New insights into the proton structure
The electron and proton are the only two particles, which are stable in the isolated state. The main goal of particle physics is to understand what these particles are made of, what their internal structure is, and what makes them stable.
Building onto the same principles that successfully describe the electron structure, the authors of a new scientific publication introduce an experimentally matching proton model:
Briefly, the authors re-establish the proton’s elementary particle status, and discover that the proton has a toroidal internal structure.
Why is it time to re-open a discussion of the proton’s structure? The currently popular quark model claims that the proton comprises charged point-particles (quarks) that are enclosed within the 0.84 fm proton radius. The quark model suffers from a number of drawbacks:
- As explained in 10 minutes here, the quark model contradicts experimental data and necessitates stacking assumptions-upon-assumptions-upon-assumptions
- The concept of a charged point-particle contradicts Maxwell’s equation (its energy would be infinite), the concept of quarks’ enclosure within 0.84 fm violates Heisenberg uncertainty, and the presence of massive virtual particles violates Noether’s theorem. It is preferable to find a proton model which does not contradict all the foundational laws of physics.

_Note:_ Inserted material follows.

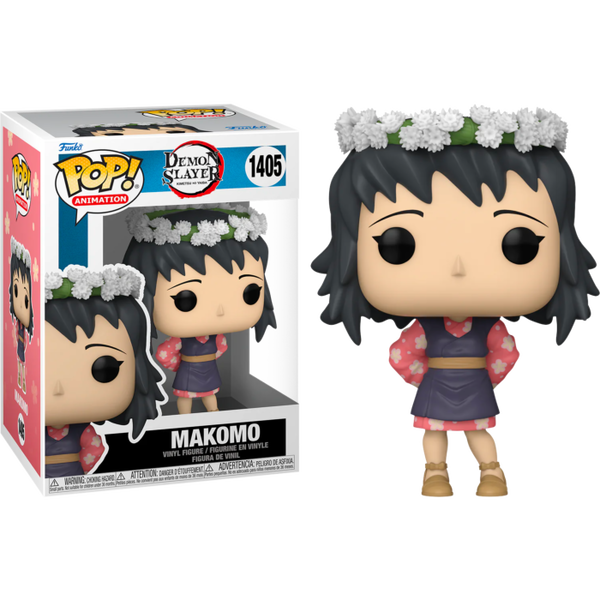 Funko Pop! Demon Slayer - Mizunoto Tier - Bundle (Set of 7) - Pop Basement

- The quark model proposes that the bulk of the proton mass comprises force-carrying virtual particles, which is by definition a meta-stable state; and such model is contradiction with the claimed inseparability of quarks and also in contradiction with the proton’s stability.
We emphasize that we are at the “opening of dialogue” stage, and it requires further investigations to make definite conclusions. Currently, the CleanHME community is split between scientists endorsing the above-mentioned contradictions of the quark model, and scientists endorsing the novel single-particle toroidal proton model.
This dialogue marks the start of a new road, which eventually leads to a deeper understanding of elementary particles and nuclear structures. There are still many questions to investigate further. For example, the article points out that it is yet to be clarified whether the proton has a single magnetic flux quantum, or two magnetic flux quanta along the poloidal and toroidal directions.